Imagine se existisse uma fraude 50 vezes superior à de Madoff, com cerca de US$ 2,5 trilhões em perdas. Além do montante expressivo, idealize uma periodicidade mensal para tal prejuízo. Do impossível para a realidade subliminar, esse é o provável montante que os traders e bancos roubam da renda real do mundo através do petróleo.

Em artigo publicado no website Seeking Alpha, Philip Davis desnuda a possibilidade da maior fraude existente na história, ao revelar como aproximadamente 99% dos negócios nos mercados futuros de petróleo não passam de meras especulações, em um esquema envolvendo bancos, petrolíferas e até a própria imprensa.

Fantasma de mão dupla

“US$ 2,5 trilhões é menos do que o preço excedente que a população é manipulada todo mês para pagar por um barril de petróleo”, afirma Davis, ao ressaltar que tais roubos ocorrem na ICE (Intercontinental Exchange).

Criada em 2001, a ICE possui como fundadoras as petrolíferas BP (British Petroleum), Royal Dutch Shell e Total, além dos bancos Morgan Stanley, Goldman Sachs, Deutsche Bank e Société Générale. A bolsa é sediada em Altanta, nos EUA, mas a regulação norte-americana passa longe das negociações.

Tamanha falta de regulação gera as chamadas dark pools of liquidity, ATS (Alternative Trading Systems) usados por traders que procuram movimentar grandes quantias sem revelar as operações no mercado aberto. Como decorrência, a especulação toma forma, e explica como o barril de petróleo saltou de US$ 40,00 para US$ 80,00 somente este ano, em meio à fraca demanda física pela commodity.

Á procura da verdade, Davis mostra que investigação do Congresso dos EUA datada de 2003 descobriu como a ICE é usada para facilitar negociações “round trip” (viagens de ida e de volta), nas quais uma firma “A” vende energia para uma empresa “B”, que vende novamente o mesmo montante de volta para a firma “A”: o resultado real é nulo, mas o sinal ascendente para os preços do petróleo não.

Preços disparam e ignoram demanda real

Na época em que a DMS Energy foi investigada pelo governo norte-americano, a empresa de energia assumiu que nada menos de 80% das negociações em 2001 eram fantasmas. Em movimento semelhante, a Duke Energy revelou que negociou US$ 1,1 bilhão através das round trips, sendo dois terços comercializados na ICE.
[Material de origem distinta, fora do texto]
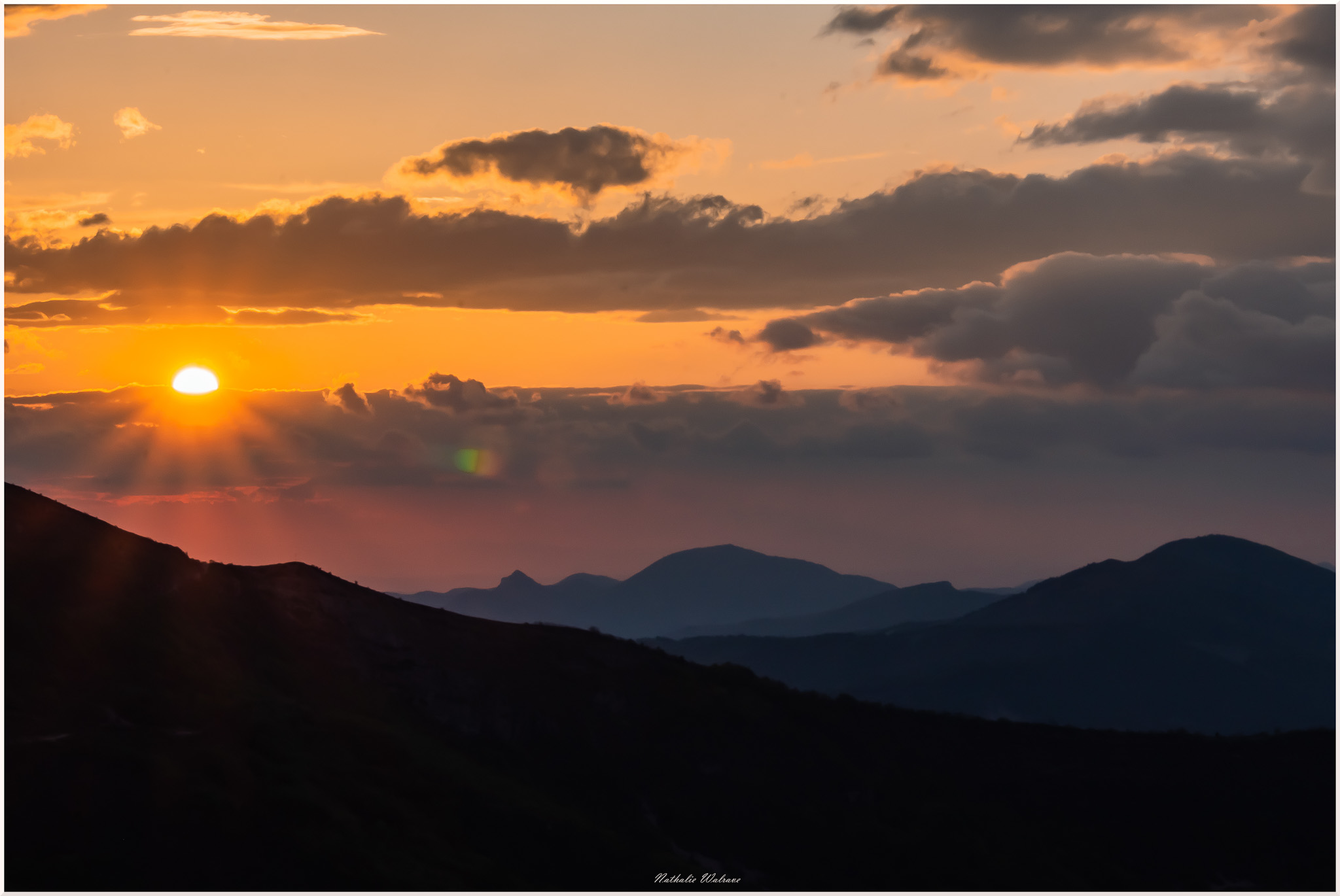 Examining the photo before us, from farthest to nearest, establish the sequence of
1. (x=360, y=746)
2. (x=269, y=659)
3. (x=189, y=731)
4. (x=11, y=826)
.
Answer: (x=269, y=659) < (x=360, y=746) < (x=189, y=731) < (x=11, y=826)

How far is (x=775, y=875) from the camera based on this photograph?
10462cm

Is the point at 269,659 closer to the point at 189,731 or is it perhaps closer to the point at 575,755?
the point at 189,731

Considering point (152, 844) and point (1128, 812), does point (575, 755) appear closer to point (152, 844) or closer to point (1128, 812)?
point (152, 844)

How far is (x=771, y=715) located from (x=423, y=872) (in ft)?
195

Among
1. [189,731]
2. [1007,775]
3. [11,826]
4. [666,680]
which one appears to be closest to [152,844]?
[11,826]

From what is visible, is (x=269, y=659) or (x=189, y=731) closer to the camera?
(x=189, y=731)

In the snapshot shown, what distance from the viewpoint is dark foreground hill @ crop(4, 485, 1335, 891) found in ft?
269

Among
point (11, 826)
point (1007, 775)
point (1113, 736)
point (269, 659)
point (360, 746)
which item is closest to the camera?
point (11, 826)

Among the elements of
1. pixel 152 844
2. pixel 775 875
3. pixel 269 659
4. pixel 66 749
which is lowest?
pixel 775 875

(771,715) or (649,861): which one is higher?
(771,715)

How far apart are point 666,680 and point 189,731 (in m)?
57.3

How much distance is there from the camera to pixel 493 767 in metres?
114

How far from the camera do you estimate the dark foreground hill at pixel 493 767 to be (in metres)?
82.1

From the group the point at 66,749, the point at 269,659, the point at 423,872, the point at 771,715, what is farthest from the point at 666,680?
the point at 66,749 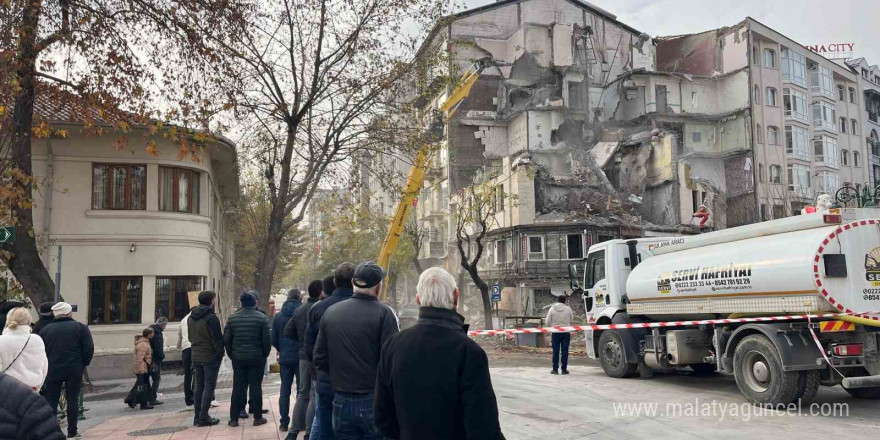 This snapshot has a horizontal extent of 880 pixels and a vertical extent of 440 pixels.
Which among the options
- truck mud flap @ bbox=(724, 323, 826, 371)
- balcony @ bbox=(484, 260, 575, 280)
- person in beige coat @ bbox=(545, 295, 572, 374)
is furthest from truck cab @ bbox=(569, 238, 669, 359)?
balcony @ bbox=(484, 260, 575, 280)

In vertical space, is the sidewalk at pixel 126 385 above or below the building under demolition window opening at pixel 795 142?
below

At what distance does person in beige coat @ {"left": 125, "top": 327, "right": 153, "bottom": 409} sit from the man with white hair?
9004 mm

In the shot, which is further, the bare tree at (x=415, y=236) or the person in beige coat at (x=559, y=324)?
the bare tree at (x=415, y=236)

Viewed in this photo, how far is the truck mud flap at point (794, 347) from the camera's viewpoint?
9.02 m

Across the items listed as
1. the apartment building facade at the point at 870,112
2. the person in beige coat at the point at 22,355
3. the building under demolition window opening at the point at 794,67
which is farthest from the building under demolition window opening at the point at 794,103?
the person in beige coat at the point at 22,355

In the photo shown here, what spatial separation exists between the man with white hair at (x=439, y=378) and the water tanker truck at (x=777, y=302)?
7.32 m

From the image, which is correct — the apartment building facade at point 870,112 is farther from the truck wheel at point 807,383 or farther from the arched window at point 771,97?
the truck wheel at point 807,383

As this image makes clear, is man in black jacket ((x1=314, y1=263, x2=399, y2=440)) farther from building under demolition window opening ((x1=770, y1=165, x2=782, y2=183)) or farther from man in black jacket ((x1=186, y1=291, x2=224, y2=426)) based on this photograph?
building under demolition window opening ((x1=770, y1=165, x2=782, y2=183))

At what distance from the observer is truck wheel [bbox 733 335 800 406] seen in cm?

“Você pode enxergar o dano causado pelo Goldman Sachs e por sua gangue de ladrões quando olhar a diferença de preços antes da criação da ICE e depois da criação da ICE”, afirma Davis, ao ressaltar que, em apenas cinco anos após a criação (de 2001 a 2006), os preços das commodities triplicou – contraparte impossível na demanda.

Para Chris Cook, ex-diretor da International Petroleum Exchange, os laços entre bancos e petrolíferas são bem mais antigos do que se pensa. “Parece-me claro que o Goldman Sachs e a BP vêm trabalhando em cooperação – ao menos em um nível estratégico – por pelo menos 15 anos”, diz Cook.

A ponte mais do que estreita entre bancos e petrolíferas lembra a tese de Vladimir Lenin no texto “Imperialismo, fase superior do capitalismo”, no qual explicita a junção entre capital industrial e capital bancário, resultando apenas em um tipo de capital: o financeiro.

Petróleo: causa da recessão?

Antes da existência da ICE, as famílias norte-americanas gastavam, em média, 7% de sua renda em alimentos e combustíveis. No último ano, a proporção saltou para 20%. “Isso é 13% da renda de todo norte-americano, o que dá mais de US$ 1 trilhão por ano, roubados através da manipulação do mercado”, completa Davis, citando que, em uma escala global, US$ 4 trilhões são roubados por ano – 80 vezes o tamanho da fraude de Madoff.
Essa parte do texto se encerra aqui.